Kirby Tassos was playing a production of “West Side Story” in Europe with trumpeter Craig Johnson of Maynard Ferguson fame. On the way to the sound check on the first gig, Kirby got lost and showed up at the theatre with the sound check already in progress. He began setting up his usual 50 pounds of keyboard gear when the conductor paused and asked if everyone could hear okay. Craig quipped, “Well, I couldn’t hear Kirby!”
A banjo playing friend of Herb Gardner couldn’t afford a proper banjo case, so he used an old guitar case instead. Herb said that once at a subway stop the guy put the guitar case down and a thief ran off with it. Herb’s friend ran in hot pursuit, yelling, “It’s a BANJO! It’s a BANJO!…”
Danny Morgan sent me this one: Shelly Manne attended a concert at the Hollywood Bowl when Andre Previn was conducting the Los Angeles Philharmonic.
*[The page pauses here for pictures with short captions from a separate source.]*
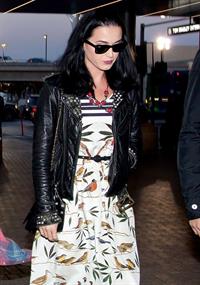 Katy Perry Prepares to depart Los Angeles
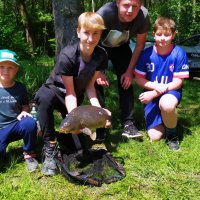 Zawody wędkarskie z okazji Dnia Dziecka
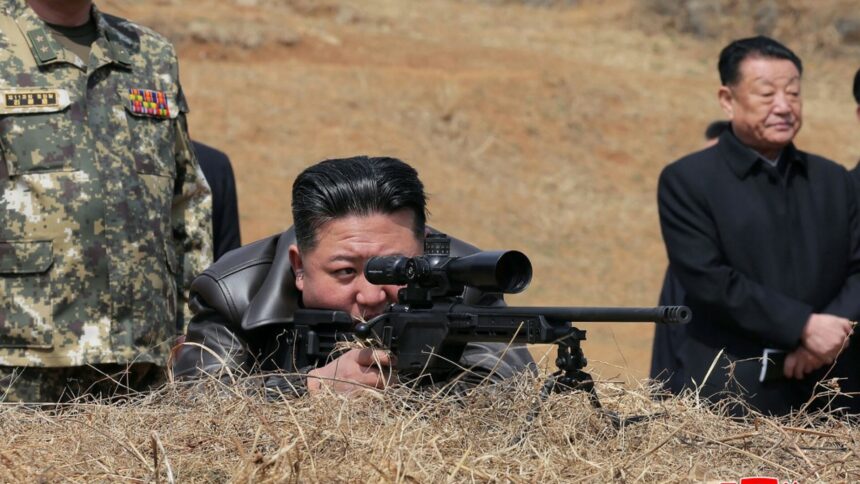 img Kim Jong Un testează personal noua armă a armatei sale. Forțele speciale ale Coreei de Nord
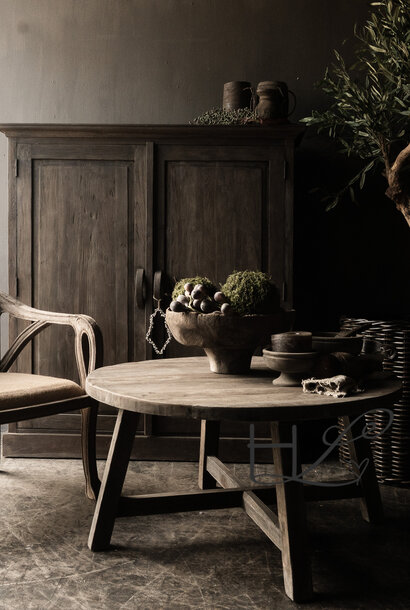 runder Couchtisch aus altem Gebrauchtholz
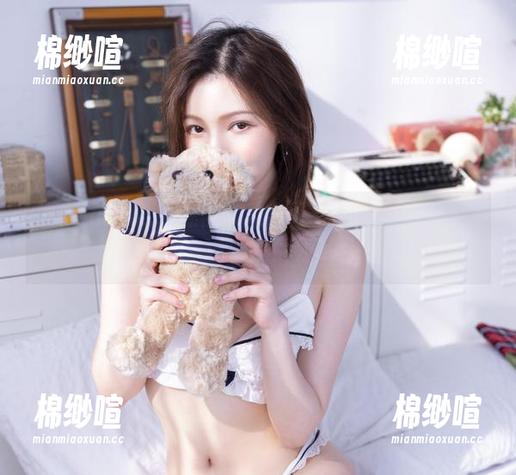 白露Bululu的棉袜，其实是在探讨生活的温柔高清笔记。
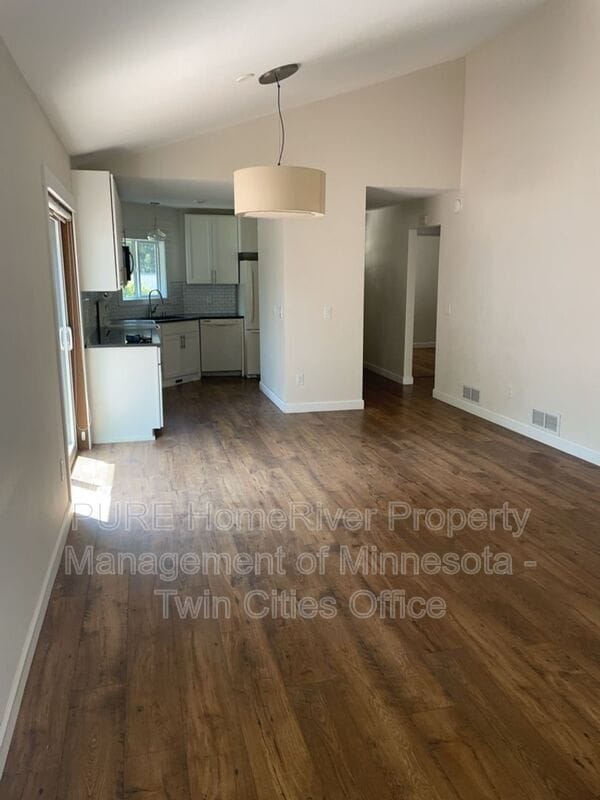 Building Photo - 1390 Granada Tr N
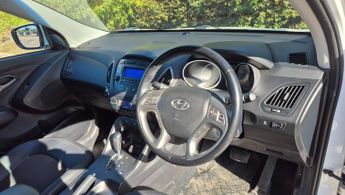 Hyundai ix35 2.0 CRDi SE Auto 4WD Euro 5 5dr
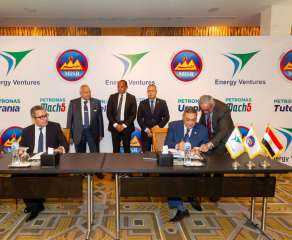“EV” للخدمات البترولية ومصر للبترول يوقعان عقد لخلط وتعبئة الزيوت
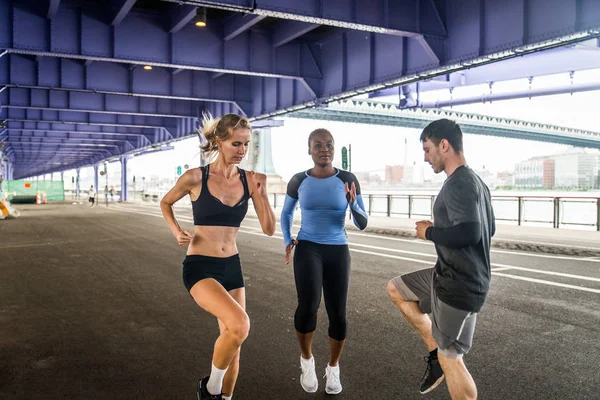 Grupo Multi Étnico Corredores Treinando Livre Pessoas Esportivas Correndo Rua — Fotografia de Stock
After the performance, Shelly went backstage and asked to speak with Previn. When asked why, he said, “I hear that big bands are back.”
Jack Schatz told me that when bass trombonist Paul Faulise moved from Manhattan to New Jersey in the 1960’s, he invited lead trumpeters Bernie Glow and Dick Perry to visit him. They were impressed by the size of Paul’s house and property. Bernie commented, “All this, and you don’t even have to play above the staff!”
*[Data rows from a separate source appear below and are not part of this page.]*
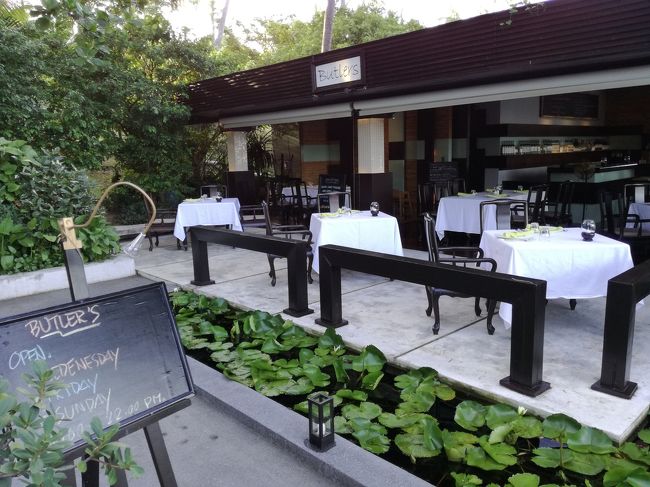 部屋を出てビーチへ通じる道の途中にあるレストラン、BUTLER。<br />最初の日はクローズしてたので、何のレストランかな？と思っていたら、曜日限定の子供ごめんなさいのレストラン。<br />夜しか営業していません。<br />今回はご縁がありませんでした。<br />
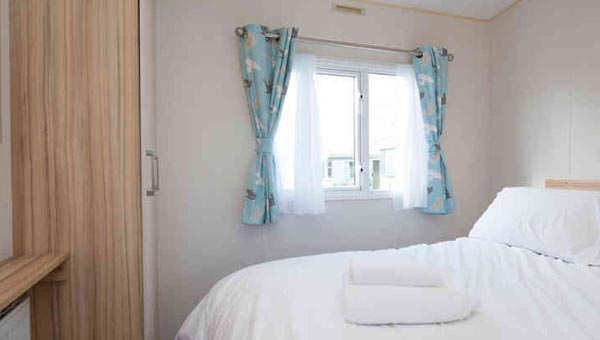 Parkdean Ty Mawr Holiday Park bedroom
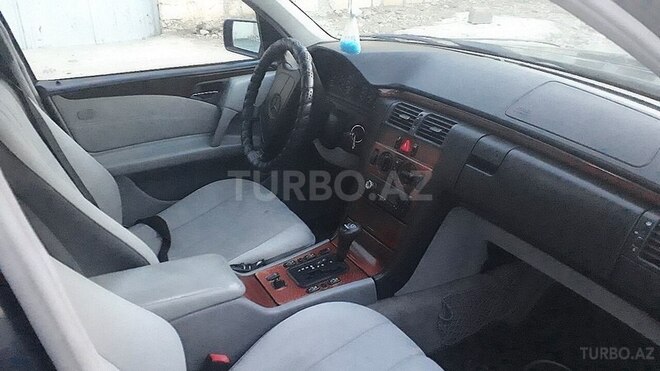 Mercedes E 200 1999, 380,000 km - 2.0 l - Gəncə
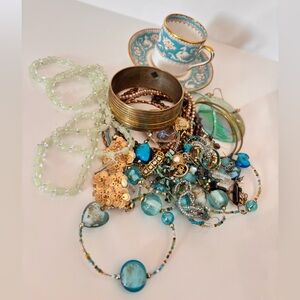 Cute little cup full of jewelry / mixed bundle vintage to now all wearable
I’ve been writing this column every month except August since 1983, and stories still keep coming in. But I think I should reprint some of the earliest material for the benefit of the new generation. Here are two items that I wrote in June 1988:
John Lesko remembered taking an arrangement he had written to Ray Bloch for a television show. Bloch was famous for his bottomless downbeat. After the usual preparatory gesture, he would bring his right hand down to his side in a way that looked like he had changed his mind. John was amazed when the band came right in together. “How do you know when to come in?” he asked trumpeter Chris Griffin. “Where’s the downbeat?” Chris said, “When his hand passes the second button on his jacket.”
After a performance with the New York Philharmonic, trombonist Jack Satterfield grabbed a cab and rushed to the Famous Door on 52nd Street to hear Art Tatum, his favorite pianist. He didn’t bother to change his clothes, and when he arrived at the nightclub dressed in tails, he made quite an impression on the headwaiter. He was given the best table in the house, right in front of Tatum’s piano. Jack sat there happily until closing time, drinking and listening to the music. He then paid his check and headed for the door. As he left, the headwaiter said, “Don’t forget the maître d’!” Jack turned and shook the man’s hand fervently. “I’ll never forget you!” he said, and walked out.